►

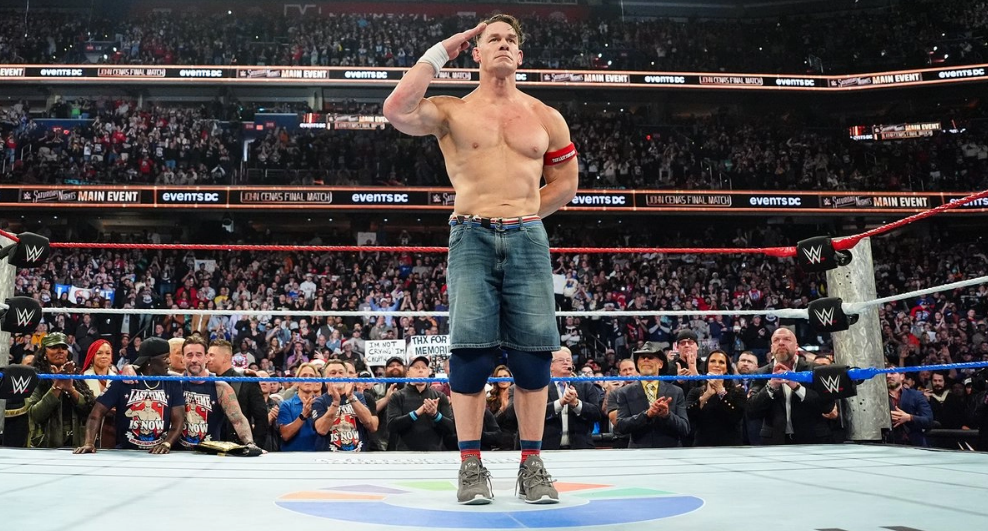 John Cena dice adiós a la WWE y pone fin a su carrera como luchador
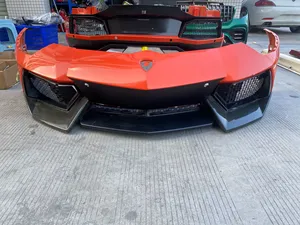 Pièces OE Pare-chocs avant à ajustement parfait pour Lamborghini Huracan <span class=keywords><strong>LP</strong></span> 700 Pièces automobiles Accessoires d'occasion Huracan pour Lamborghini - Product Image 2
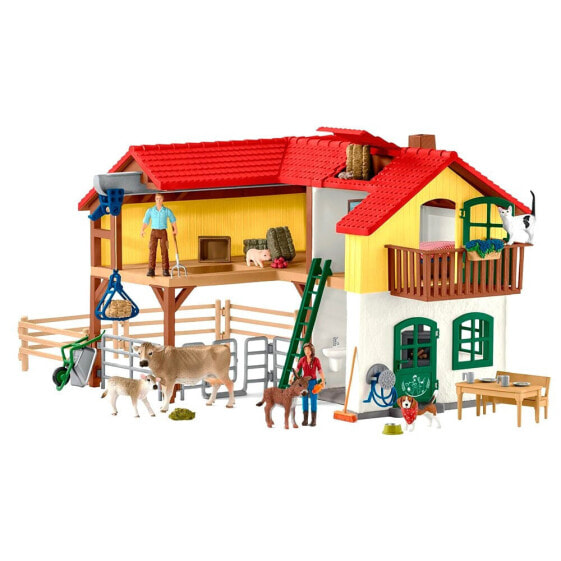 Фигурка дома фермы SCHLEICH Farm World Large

◄
►

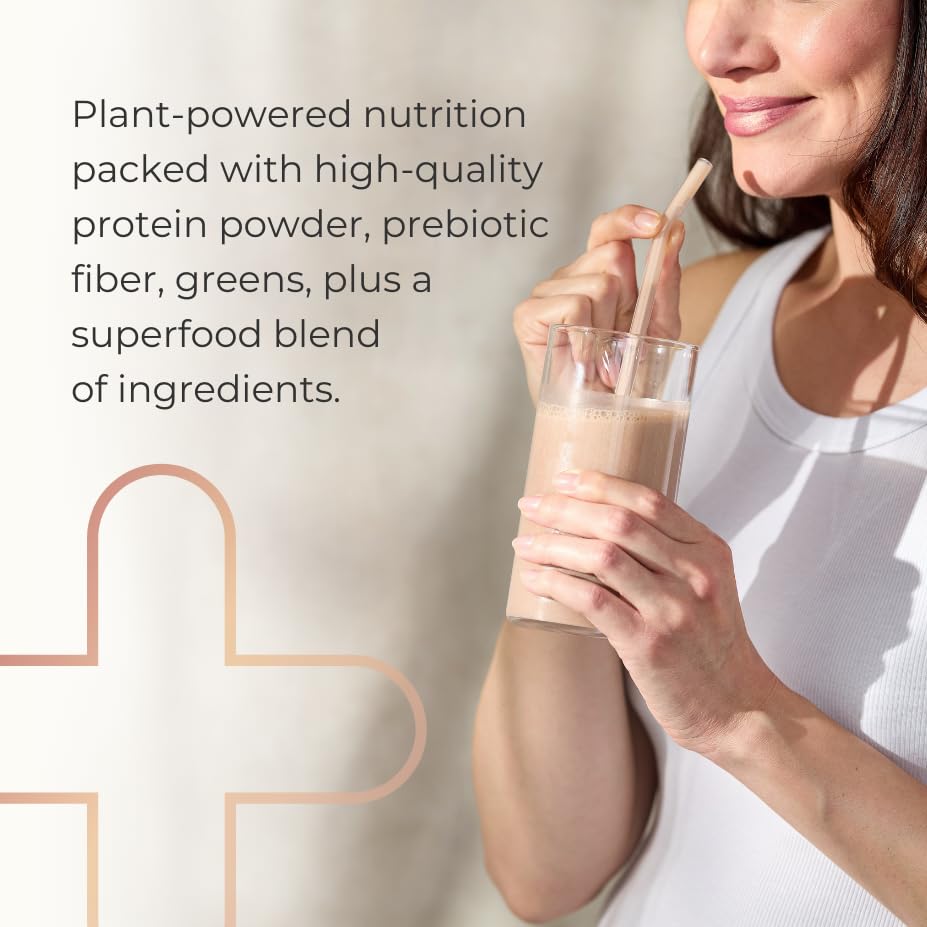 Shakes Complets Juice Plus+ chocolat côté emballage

◄

● **Prompt**
Start with the line with "John Cena dice" in the listing above and stop after the line with "Фигурка дома фермы SCHLEICH Farm World Large". Write out exactly the lines in that stretch and no others, without pictures.

● **Task result**
 John Cena dice adiós a la WWE y pone fin a su carrera como luchador
 Pièces OE Pare-chocs avant à ajustement parfait pour Lamborghini Huracan <span class=keywords><strong>LP</strong></span> 700 Pièces automobiles Accessoires d'occasion Huracan pour Lamborghini - Product Image 2
 Фигурка дома фермы SCHLEICH Farm World Large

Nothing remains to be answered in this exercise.